> _Task to complete_: Would you write out the records below exactly as given?
────────────────────
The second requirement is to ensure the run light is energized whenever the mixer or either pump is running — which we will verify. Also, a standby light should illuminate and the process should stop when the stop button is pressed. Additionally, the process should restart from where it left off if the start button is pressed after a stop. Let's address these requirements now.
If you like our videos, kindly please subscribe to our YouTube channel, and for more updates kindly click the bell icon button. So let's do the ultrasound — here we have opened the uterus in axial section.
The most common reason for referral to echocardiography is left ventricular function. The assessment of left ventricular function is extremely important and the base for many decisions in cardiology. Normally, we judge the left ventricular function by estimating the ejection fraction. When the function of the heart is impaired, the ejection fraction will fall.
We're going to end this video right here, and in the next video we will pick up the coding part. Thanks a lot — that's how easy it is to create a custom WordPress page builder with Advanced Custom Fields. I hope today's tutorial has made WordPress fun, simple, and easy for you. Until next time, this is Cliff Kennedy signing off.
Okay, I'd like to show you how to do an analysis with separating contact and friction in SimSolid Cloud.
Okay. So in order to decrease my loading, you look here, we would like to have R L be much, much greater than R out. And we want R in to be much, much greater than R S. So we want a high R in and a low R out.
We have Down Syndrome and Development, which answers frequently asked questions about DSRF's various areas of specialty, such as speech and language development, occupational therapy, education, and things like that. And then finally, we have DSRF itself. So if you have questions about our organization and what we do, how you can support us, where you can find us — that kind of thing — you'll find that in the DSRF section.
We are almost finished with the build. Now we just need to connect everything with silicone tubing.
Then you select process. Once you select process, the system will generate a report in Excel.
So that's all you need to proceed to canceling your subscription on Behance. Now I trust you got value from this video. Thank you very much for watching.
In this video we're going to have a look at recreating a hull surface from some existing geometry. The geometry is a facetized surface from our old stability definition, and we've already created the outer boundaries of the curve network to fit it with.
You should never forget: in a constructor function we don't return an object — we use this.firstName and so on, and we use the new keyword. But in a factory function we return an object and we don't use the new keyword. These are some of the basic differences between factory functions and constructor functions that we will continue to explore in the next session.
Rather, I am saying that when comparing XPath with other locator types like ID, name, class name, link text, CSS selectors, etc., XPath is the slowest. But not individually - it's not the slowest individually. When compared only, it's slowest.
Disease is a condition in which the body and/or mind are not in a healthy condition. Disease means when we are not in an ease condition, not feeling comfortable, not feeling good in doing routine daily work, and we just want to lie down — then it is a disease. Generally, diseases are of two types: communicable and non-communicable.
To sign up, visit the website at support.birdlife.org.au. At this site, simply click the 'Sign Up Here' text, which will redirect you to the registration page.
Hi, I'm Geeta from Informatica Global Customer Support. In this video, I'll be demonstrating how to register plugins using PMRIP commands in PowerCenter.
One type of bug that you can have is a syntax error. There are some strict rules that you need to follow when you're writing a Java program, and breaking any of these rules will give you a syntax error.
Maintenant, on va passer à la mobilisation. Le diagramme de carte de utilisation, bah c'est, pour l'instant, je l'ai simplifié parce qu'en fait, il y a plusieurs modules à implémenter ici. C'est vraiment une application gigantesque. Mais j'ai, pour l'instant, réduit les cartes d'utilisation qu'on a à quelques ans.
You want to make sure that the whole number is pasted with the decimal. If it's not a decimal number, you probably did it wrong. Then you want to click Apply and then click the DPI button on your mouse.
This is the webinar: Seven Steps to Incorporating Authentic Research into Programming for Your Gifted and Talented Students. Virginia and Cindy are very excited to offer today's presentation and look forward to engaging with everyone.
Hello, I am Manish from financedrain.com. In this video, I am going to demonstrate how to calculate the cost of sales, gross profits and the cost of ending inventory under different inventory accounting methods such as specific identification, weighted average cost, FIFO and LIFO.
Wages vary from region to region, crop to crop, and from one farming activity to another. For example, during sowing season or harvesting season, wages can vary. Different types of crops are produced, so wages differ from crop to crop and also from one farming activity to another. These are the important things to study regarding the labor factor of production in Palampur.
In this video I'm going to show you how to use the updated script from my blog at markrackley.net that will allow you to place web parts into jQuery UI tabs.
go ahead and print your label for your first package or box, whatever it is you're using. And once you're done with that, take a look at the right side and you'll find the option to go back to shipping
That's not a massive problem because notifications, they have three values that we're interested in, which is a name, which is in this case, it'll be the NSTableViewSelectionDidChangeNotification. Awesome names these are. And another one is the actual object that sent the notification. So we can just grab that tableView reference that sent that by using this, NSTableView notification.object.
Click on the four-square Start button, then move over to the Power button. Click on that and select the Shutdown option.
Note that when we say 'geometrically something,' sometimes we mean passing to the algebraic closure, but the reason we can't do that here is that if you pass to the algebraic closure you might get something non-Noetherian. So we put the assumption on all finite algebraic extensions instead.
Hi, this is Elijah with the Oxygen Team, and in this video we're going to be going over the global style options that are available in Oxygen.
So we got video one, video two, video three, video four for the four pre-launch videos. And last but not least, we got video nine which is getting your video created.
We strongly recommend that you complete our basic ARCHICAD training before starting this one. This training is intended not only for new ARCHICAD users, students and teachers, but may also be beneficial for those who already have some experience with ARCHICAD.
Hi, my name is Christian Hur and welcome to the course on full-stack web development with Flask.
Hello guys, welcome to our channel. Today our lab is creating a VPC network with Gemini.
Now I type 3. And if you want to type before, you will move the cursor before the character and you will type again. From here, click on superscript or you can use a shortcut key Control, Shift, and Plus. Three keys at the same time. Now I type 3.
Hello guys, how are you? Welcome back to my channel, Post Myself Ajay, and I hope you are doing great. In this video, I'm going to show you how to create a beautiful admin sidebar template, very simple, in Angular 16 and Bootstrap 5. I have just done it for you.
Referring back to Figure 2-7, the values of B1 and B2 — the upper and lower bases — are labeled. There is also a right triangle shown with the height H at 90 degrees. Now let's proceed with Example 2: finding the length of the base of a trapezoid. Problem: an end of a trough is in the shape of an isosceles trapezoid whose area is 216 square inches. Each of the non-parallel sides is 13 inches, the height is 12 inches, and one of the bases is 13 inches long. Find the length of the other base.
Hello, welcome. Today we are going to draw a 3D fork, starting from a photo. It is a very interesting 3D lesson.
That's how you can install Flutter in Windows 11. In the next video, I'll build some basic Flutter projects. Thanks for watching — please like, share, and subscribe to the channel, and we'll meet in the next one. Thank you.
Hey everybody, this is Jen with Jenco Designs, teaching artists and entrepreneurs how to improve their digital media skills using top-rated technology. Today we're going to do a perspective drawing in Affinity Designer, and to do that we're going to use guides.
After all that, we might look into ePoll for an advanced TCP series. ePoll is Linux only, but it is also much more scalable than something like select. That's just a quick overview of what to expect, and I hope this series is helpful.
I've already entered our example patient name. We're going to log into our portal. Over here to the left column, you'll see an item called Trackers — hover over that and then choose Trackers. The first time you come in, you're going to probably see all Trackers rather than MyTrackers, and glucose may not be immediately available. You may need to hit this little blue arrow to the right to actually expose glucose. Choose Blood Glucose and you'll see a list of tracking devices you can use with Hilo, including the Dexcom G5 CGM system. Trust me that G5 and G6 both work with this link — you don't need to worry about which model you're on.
────────────────────
> _Final answer_:
The second requirement is to ensure the run light is energized whenever the mixer or either pump is running — which we will verify. Also, a standby light should illuminate and the process should stop when the stop button is pressed. Additionally, the process should restart from where it left off if the start button is pressed after a stop. Let's address these requirements now.
If you like our videos, kindly please subscribe to our YouTube channel, and for more updates kindly click the bell icon button. So let's do the ultrasound — here we have opened the uterus in axial section.
The most common reason for referral to echocardiography is left ventricular function. The assessment of left ventricular function is extremely important and the base for many decisions in cardiology. Normally, we judge the left ventricular function by estimating the ejection fraction. When the function of the heart is impaired, the ejection fraction will fall.
We're going to end this video right here, and in the next video we will pick up the coding part. Thanks a lot — that's how easy it is to create a custom WordPress page builder with Advanced Custom Fields. I hope today's tutorial has made WordPress fun, simple, and easy for you. Until next time, this is Cliff Kennedy signing off.
Okay, I'd like to show you how to do an analysis with separating contact and friction in SimSolid Cloud.
Okay. So in order to decrease my loading, you look here, we would like to have R L be much, much greater than R out. And we want R in to be much, much greater than R S. So we want a high R in and a low R out.
We have Down Syndrome and Development, which answers frequently asked questions about DSRF's various areas of specialty, such as speech and language development, occupational therapy, education, and things like that. And then finally, we have DSRF itself. So if you have questions about our organization and what we do, how you can support us, where you can find us — that kind of thing — you'll find that in the DSRF section.
We are almost finished with the build. Now we just need to connect everything with silicone tubing.
Then you select process. Once you select process, the system will generate a report in Excel.
So that's all you need to proceed to canceling your subscription on Behance. Now I trust you got value from this video. Thank you very much for watching.
In this video we're going to have a look at recreating a hull surface from some existing geometry. The geometry is a facetized surface from our old stability definition, and we've already created the outer boundaries of the curve network to fit it with.
You should never forget: in a constructor function we don't return an object — we use this.firstName and so on, and we use the new keyword. But in a factory function we return an object and we don't use the new keyword. These are some of the basic differences between factory functions and constructor functions that we will continue to explore in the next session.
Rather, I am saying that when comparing XPath with other locator types like ID, name, class name, link text, CSS selectors, etc., XPath is the slowest. But not individually - it's not the slowest individually. When compared only, it's slowest.
Disease is a condition in which the body and/or mind are not in a healthy condition. Disease means when we are not in an ease condition, not feeling comfortable, not feeling good in doing routine daily work, and we just want to lie down — then it is a disease. Generally, diseases are of two types: communicable and non-communicable.
To sign up, visit the website at support.birdlife.org.au. At this site, simply click the 'Sign Up Here' text, which will redirect you to the registration page.
Hi, I'm Geeta from Informatica Global Customer Support. In this video, I'll be demonstrating how to register plugins using PMRIP commands in PowerCenter.
One type of bug that you can have is a syntax error. There are some strict rules that you need to follow when you're writing a Java program, and breaking any of these rules will give you a syntax error.
Maintenant, on va passer à la mobilisation. Le diagramme de carte de utilisation, bah c'est, pour l'instant, je l'ai simplifié parce qu'en fait, il y a plusieurs modules à implémenter ici. C'est vraiment une application gigantesque. Mais j'ai, pour l'instant, réduit les cartes d'utilisation qu'on a à quelques ans.
You want to make sure that the whole number is pasted with the decimal. If it's not a decimal number, you probably did it wrong. Then you want to click Apply and then click the DPI button on your mouse.
This is the webinar: Seven Steps to Incorporating Authentic Research into Programming for Your Gifted and Talented Students. Virginia and Cindy are very excited to offer today's presentation and look forward to engaging with everyone.
Hello, I am Manish from financedrain.com. In this video, I am going to demonstrate how to calculate the cost of sales, gross profits and the cost of ending inventory under different inventory accounting methods such as specific identification, weighted average cost, FIFO and LIFO.
Wages vary from region to region, crop to crop, and from one farming activity to another. For example, during sowing season or harvesting season, wages can vary. Different types of crops are produced, so wages differ from crop to crop and also from one farming activity to another. These are the important things to study regarding the labor factor of production in Palampur.
In this video I'm going to show you how to use the updated script from my blog at markrackley.net that will allow you to place web parts into jQuery UI tabs.
go ahead and print your label for your first package or box, whatever it is you're using. And once you're done with that, take a look at the right side and you'll find the option to go back to shipping
That's not a massive problem because notifications, they have three values that we're interested in, which is a name, which is in this case, it'll be the NSTableViewSelectionDidChangeNotification. Awesome names these are. And another one is the actual object that sent the notification. So we can just grab that tableView reference that sent that by using this, NSTableView notification.object.
Click on the four-square Start button, then move over to the Power button. Click on that and select the Shutdown option.
Note that when we say 'geometrically something,' sometimes we mean passing to the algebraic closure, but the reason we can't do that here is that if you pass to the algebraic closure you might get something non-Noetherian. So we put the assumption on all finite algebraic extensions instead.
Hi, this is Elijah with the Oxygen Team, and in this video we're going to be going over the global style options that are available in Oxygen.
So we got video one, video two, video three, video four for the four pre-launch videos. And last but not least, we got video nine which is getting your video created.
We strongly recommend that you complete our basic ARCHICAD training before starting this one. This training is intended not only for new ARCHICAD users, students and teachers, but may also be beneficial for those who already have some experience with ARCHICAD.
Hi, my name is Christian Hur and welcome to the course on full-stack web development with Flask.
Hello guys, welcome to our channel. Today our lab is creating a VPC network with Gemini.
Now I type 3. And if you want to type before, you will move the cursor before the character and you will type again. From here, click on superscript or you can use a shortcut key Control, Shift, and Plus. Three keys at the same time. Now I type 3.
Hello guys, how are you? Welcome back to my channel, Post Myself Ajay, and I hope you are doing great. In this video, I'm going to show you how to create a beautiful admin sidebar template, very simple, in Angular 16 and Bootstrap 5. I have just done it for you.
Referring back to Figure 2-7, the values of B1 and B2 — the upper and lower bases — are labeled. There is also a right triangle shown with the height H at 90 degrees. Now let's proceed with Example 2: finding the length of the base of a trapezoid. Problem: an end of a trough is in the shape of an isosceles trapezoid whose area is 216 square inches. Each of the non-parallel sides is 13 inches, the height is 12 inches, and one of the bases is 13 inches long. Find the length of the other base.
Hello, welcome. Today we are going to draw a 3D fork, starting from a photo. It is a very interesting 3D lesson.
That's how you can install Flutter in Windows 11. In the next video, I'll build some basic Flutter projects. Thanks for watching — please like, share, and subscribe to the channel, and we'll meet in the next one. Thank you.
Hey everybody, this is Jen with Jenco Designs, teaching artists and entrepreneurs how to improve their digital media skills using top-rated technology. Today we're going to do a perspective drawing in Affinity Designer, and to do that we're going to use guides.
After all that, we might look into ePoll for an advanced TCP series. ePoll is Linux only, but it is also much more scalable than something like select. That's just a quick overview of what to expect, and I hope this series is helpful.
I've already entered our example patient name. We're going to log into our portal. Over here to the left column, you'll see an item called Trackers — hover over that and then choose Trackers. The first time you come in, you're going to probably see all Trackers rather than MyTrackers, and glucose may not be immediately available. You may need to hit this little blue arrow to the right to actually expose glucose. Choose Blood Glucose and you'll see a list of tracking devices you can use with Hilo, including the Dexcom G5 CGM system. Trust me that G5 and G6 both work with this link — you don't need to worry about which model you're on.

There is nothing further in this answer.